Exercise directions —
The answer must consist of every line below that holds the word "đồng".

Records for processing —

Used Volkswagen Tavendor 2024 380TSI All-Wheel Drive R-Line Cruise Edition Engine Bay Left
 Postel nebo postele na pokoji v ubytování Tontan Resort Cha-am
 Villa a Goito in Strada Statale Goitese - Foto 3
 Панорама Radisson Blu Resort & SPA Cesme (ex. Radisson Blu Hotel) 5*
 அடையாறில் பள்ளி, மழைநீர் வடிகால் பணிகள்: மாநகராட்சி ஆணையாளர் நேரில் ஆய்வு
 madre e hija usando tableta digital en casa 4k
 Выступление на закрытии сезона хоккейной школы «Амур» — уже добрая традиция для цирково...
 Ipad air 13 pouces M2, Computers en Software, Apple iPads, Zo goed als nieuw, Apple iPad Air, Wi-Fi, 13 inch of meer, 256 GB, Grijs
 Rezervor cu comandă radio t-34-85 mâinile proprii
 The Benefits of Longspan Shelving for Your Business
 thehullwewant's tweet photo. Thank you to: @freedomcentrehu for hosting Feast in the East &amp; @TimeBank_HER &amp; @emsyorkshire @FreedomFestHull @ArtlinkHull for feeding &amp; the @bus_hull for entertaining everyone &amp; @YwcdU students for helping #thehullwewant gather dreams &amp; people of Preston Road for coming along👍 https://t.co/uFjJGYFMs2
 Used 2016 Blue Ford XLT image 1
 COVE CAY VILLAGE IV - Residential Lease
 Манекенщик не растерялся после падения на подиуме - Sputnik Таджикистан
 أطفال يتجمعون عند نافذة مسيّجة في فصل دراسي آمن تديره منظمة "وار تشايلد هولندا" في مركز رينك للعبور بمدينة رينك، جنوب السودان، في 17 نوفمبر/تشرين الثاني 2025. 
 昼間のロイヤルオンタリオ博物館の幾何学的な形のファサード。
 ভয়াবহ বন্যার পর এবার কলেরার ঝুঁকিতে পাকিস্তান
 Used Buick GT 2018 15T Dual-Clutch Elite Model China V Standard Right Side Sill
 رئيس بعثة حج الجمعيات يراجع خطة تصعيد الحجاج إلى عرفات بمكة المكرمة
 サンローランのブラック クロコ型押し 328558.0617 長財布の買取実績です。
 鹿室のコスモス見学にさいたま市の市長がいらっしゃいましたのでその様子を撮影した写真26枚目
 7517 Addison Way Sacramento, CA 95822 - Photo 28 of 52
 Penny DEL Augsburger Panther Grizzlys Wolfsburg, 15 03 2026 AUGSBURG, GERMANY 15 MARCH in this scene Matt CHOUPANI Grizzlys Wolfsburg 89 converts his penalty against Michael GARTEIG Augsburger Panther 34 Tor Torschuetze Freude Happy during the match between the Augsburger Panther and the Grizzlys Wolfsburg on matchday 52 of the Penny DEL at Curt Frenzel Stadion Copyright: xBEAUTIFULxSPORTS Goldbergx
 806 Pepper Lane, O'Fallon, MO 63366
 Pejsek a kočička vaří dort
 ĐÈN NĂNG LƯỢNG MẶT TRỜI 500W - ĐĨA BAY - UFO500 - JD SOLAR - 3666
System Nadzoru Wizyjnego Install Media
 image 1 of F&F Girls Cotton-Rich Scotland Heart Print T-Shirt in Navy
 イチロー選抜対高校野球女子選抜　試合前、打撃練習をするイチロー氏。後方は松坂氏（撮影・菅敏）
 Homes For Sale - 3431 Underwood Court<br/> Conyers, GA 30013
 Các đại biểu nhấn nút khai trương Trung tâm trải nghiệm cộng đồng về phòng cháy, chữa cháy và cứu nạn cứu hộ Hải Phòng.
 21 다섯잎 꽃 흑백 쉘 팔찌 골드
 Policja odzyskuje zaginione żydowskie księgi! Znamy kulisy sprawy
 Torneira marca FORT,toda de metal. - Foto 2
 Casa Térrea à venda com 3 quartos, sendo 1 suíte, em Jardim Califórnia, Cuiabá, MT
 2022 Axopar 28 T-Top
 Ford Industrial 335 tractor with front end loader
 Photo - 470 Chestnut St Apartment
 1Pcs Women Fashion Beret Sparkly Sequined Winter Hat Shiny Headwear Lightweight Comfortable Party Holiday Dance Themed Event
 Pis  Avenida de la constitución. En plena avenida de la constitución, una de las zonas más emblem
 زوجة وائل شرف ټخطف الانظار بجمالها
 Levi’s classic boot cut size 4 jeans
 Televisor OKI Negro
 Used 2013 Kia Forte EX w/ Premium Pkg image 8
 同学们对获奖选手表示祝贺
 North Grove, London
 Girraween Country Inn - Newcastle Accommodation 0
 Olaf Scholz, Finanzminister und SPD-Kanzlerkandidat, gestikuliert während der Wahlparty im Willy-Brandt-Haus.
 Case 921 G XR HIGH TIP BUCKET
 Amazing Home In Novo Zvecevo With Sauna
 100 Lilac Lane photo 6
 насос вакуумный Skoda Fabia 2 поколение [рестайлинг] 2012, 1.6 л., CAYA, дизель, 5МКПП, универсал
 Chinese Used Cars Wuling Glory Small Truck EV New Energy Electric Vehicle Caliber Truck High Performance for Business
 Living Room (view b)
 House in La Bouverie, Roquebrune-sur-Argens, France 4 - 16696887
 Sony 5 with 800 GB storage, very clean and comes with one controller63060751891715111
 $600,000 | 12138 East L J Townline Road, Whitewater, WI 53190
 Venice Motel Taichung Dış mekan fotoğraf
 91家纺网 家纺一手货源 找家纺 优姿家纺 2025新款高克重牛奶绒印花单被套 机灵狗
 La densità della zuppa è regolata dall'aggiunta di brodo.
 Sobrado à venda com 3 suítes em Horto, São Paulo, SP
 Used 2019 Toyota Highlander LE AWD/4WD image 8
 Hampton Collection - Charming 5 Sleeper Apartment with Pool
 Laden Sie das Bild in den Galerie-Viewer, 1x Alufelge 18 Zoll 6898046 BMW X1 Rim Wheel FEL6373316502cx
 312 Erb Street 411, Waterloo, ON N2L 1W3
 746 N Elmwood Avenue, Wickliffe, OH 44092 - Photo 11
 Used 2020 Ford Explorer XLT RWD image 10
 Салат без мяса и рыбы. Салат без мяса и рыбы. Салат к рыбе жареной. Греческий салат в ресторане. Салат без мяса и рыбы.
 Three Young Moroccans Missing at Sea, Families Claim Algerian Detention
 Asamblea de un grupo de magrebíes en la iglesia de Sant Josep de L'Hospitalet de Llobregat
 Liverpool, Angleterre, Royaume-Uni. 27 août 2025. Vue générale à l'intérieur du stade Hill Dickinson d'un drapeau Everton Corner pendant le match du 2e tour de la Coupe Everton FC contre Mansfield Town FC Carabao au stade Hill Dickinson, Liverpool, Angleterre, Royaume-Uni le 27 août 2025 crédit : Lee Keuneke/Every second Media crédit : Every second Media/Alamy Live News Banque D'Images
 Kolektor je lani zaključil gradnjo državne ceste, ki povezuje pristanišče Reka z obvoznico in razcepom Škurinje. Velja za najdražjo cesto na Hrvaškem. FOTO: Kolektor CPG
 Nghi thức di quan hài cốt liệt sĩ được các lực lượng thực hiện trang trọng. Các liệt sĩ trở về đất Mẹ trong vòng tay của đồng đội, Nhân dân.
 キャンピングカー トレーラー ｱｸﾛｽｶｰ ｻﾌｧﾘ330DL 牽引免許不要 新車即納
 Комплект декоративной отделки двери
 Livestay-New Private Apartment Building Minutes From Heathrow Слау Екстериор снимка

The completed task —
 Các đại biểu nhấn nút khai trương Trung tâm trải nghiệm cộng đồng về phòng cháy, chữa cháy và cứu nạn cứu hộ Hải Phòng.
 Nghi thức di quan hài cốt liệt sĩ được các lực lượng thực hiện trang trọng. Các liệt sĩ trở về đất Mẹ trong vòng tay của đồng đội, Nhân dân.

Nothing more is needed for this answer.